Specifically, for example, this method involves the following. First, an average value of the darkness value of the pixels in the partitioned blocks is obtained, and those pixels are divided into a group of pixels with a darkness value higher than the average value and a group of pixels with a darkness value lower than the average value. Furthermore, an average value of the darkness value is obtained for each group. Then, a color expressed by that average value is set as an approximate color of that group. More specifically, the color of all pixels in that group is set to the same approximate color. Such processing is performed for all blocks included in the image data. As technology related to this BTC, methods such as that in U.S. Pat. No. 6,917,704 disclosed below have been proposed.
According to the method in U.S. Pat. No. 6,917,704, the dispersal of colors (color components) R (red), G (green), and B (blue) in a small region (block) included in image data is calculated, and the color (color component) for which that dispersal is largest is set as a target color. The average value of this target color in the small region is obtained. Then, the pixels in the small region are divided into groups based on that average value. More specifically, those pixels are divided into a group of pixels with a higher darkness value than the average value of that target color, and a group of pixels with a lower darkness value than the average value of that target color. Next, the average value of the darkness value of each color component of the pixels in each group is obtained, and the color expressed by that average value is set as a representative color of each group. Then, a determination is made of whether or not the number of representative colors obtained is equal to or greater than a desired number of colors, and if the number of colors is less than the desired number of colors, further division into groups is performed. If the number of colors is equal to or greater than the desired number of colors, processing is then performed for the next small region.

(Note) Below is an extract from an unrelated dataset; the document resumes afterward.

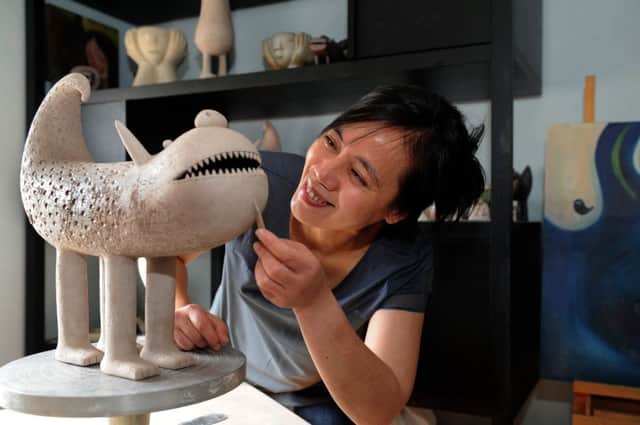 Artist Chiu-i Wu  working on one of  her clay creatures at her home in York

With BTC, in this manner, the image in a block is converted to an image with small number of colors. The amount of data is reduced by allowing some amount of reduction in image quality due to this conversion.
Here, a case is considered in which an image conversion is performed using BTC, for a block BK shown in FIG. 16A. Note that, in the original image of an image shown in FIG. 16A, a hatched portion is expressed in blue and a background portion around the hatched portion is expressed in gradations of red. Shown in the block BK is an image expressed by pixels in the block BK, the image including a line drawing portion JS that shows a line drawing and a background portion that is a background of the line drawing portion JS. As shown in FIG. 16A, the color of the background portion gradually grows darker toward the lower right of the block BK.
When considering conversion of the image in this sort of block BK to an image expressed with two approximate colors in BTC processing, it is desirable to be able to convert to an image like that shown in FIG. 16B, in which it is possible to distinguish between the line drawing portion JS and the background portion. Because an approximate color is substituted for the color of each pixel, a reduction in image quality in the block BK is unavoidable, but because the block BK itself is sufficiently small, even if the image quality of each block BK is reduced somewhat, a reduction in the image quality of the image as a whole is essentially not observed.
However, when this sort of method of U.S. Pat. No. 6,917,704 is applied to the block BK, there may be cases where it is not possible to convert to an image like that in FIG. 16B, in which the line drawing portion JS and the background portion are appropriately separated. For example, there may be cases where the darkness values of respective pixels in the block BK are related in the manner shown in FIG. 17. Note that in FIG. 17, a L*a*b* (Lab) color space is used, not an RGB color space.
FIG. 17 shows the distribution of pixels in the block BK for color components “L” and “b”. In FIG. 17, line JL indicates the average value of the darkness value of “L” of pixels in the block BK.
In the example in FIG. 17, it is understood that with respect to the “L” color component, the pixels of the background portion are distributed crossing the average value.
In this case, when the “L” color component is selected as the target color, a portion of the pixels of the background portion is classified in the same group as the pixels of the line drawing portion JS, and that portion is converted to the same approximate color as the line drawing portion JS. Thus, the image after conversion becomes as shown in FIG. 18.
As is understood from FIG. 18, in a portion of the background portion that has been converted to the same approximate color as the line drawing portion JS, the color becomes dark and so that portion stands out from the other pixels of the background portion. When viewing the image as a whole, that portion may appear as noise in the form of a black point. When there are many such portions, the image quality of the image as a whole is greatly reduced.